Pierrot, les deux portraits un peu ironiques de nos deux réalisateurs sont construits sur ce qui s'entend le plus souvent sur leurs personnes. Je ne sais pas si Dumont est catholique, mais quand on titre un premier film "la vie de Jesus", ce n'est pas innocent. Sur le côté mystique, ça dépend comment on prend le mot. C'est un peu comme "marxiste", tu peux le prendre comme un compliment ou une critique. Personnellement, ce que je connais de son cinéma m'incite à la rattacher aux mystiques dans le sens ou il se précoccupe d'un niveau spirituel effectivement dégagé du social et du politique. Je développerais avec plaisir mais je pense ne voir le film que le prochain week end.
Écrit par : Vincent | 12/09/2006
Peut-être qu'en expliquant un peu plus mon point de vue, mon commentaire ne disparaitra pas ; )
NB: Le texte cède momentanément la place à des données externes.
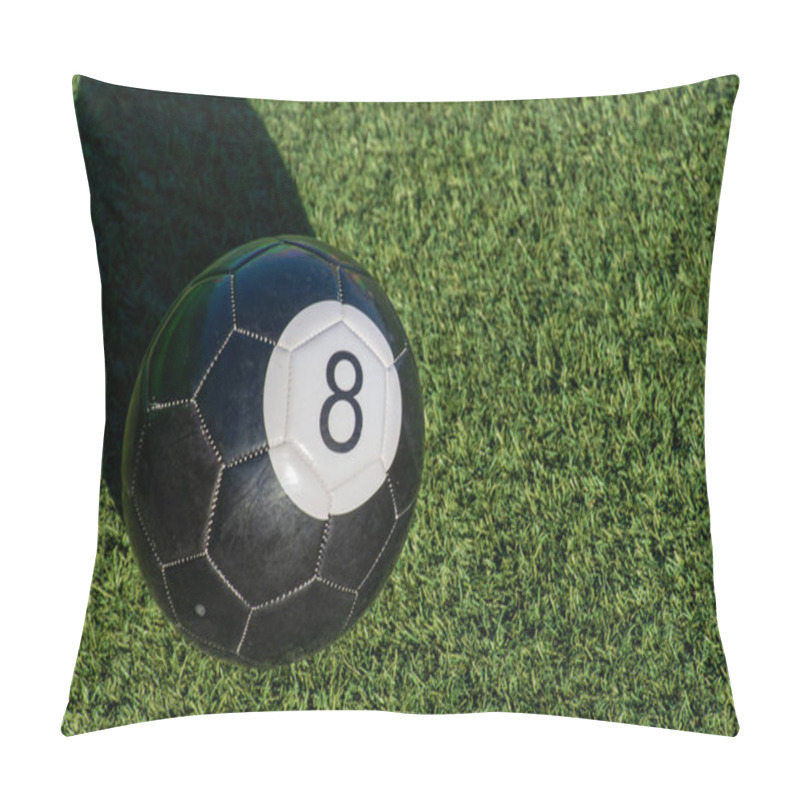 Personality  Black Eight (8) Ball A Soccer Billiards Or Pool Ball On Green Grass With A Shadow And Copy Space. Concept Of Sports, Recreation And Childhood Fun. Pillow Covers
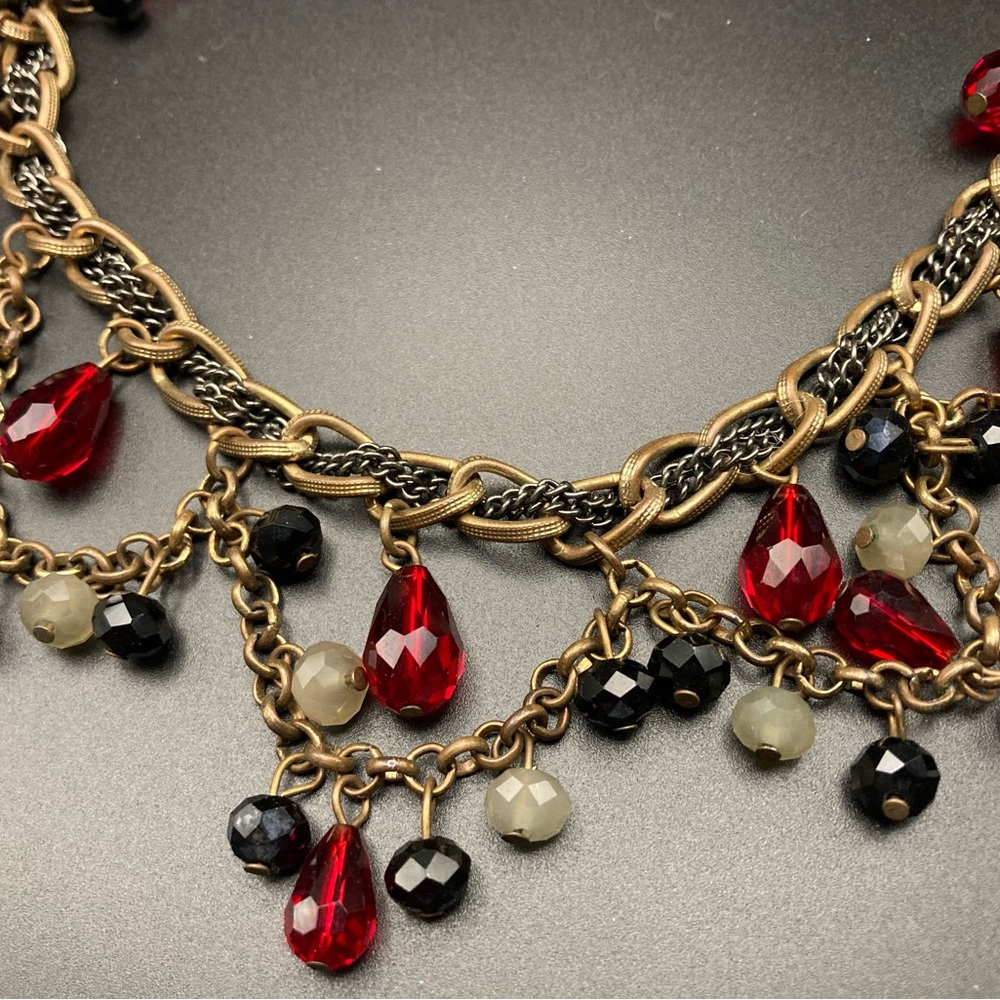Multi-Strand Red and Black Crystal Beaded Statement Necklace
Le gros problème de Flandres me semble de vouloir désincarner au maximum l'humain (pas de paroles, pas d'arrière plan référentiel etc) alors même que le film se veut une réflexion sur l'humain, sur son existence corporelle et sa condition de créature souffrante. Le film tend trop radicalement vers l'abstraction si bien que le langage cinématographique me semble tourner à vide... pour tout dire, j'ai l'impression que dumont dévoile une vision hypersimpliste de l'humain (notamment pris dans la guerre, les scènes sont d'ailleurs toutes plus ou moins un discours du cliché..)... Sur le ring, pour moi, la générosité et l'intelligence de Loach mettent aisément dumont KO...
Écrit par : el pibe | 19/09/2006
Je ne fais jamais disparaître un commentaire, aussi bref soit-il, El Pibe. J'ai lu avec beaucoup d'intérêt ton texte sur ton blog. Hélas je vais devoir différer mon opinion, le film est déjà retiré de l'affiche à Nice et je n'ai pas eu le temps de le voir. Je dois attendre une éventuelle reprise dans une petite salle art et essais. Néanmoins, mon instinct m'incite à penser que ma position sra fort proche de la tienne. A suivre...
Écrit par : vincent | 19/09/2006
Pas de problème! Le destin de films comme Flandres est en effet de disparaître rapidement de l'affiche... Néanmoins, je crois qu'il valait mieux privilégier le Loach, oeuvre importante dont "l'académisme" dérange certains et qui traduit selon moi une humilité et une distance parfaitement adaptées à son contenu!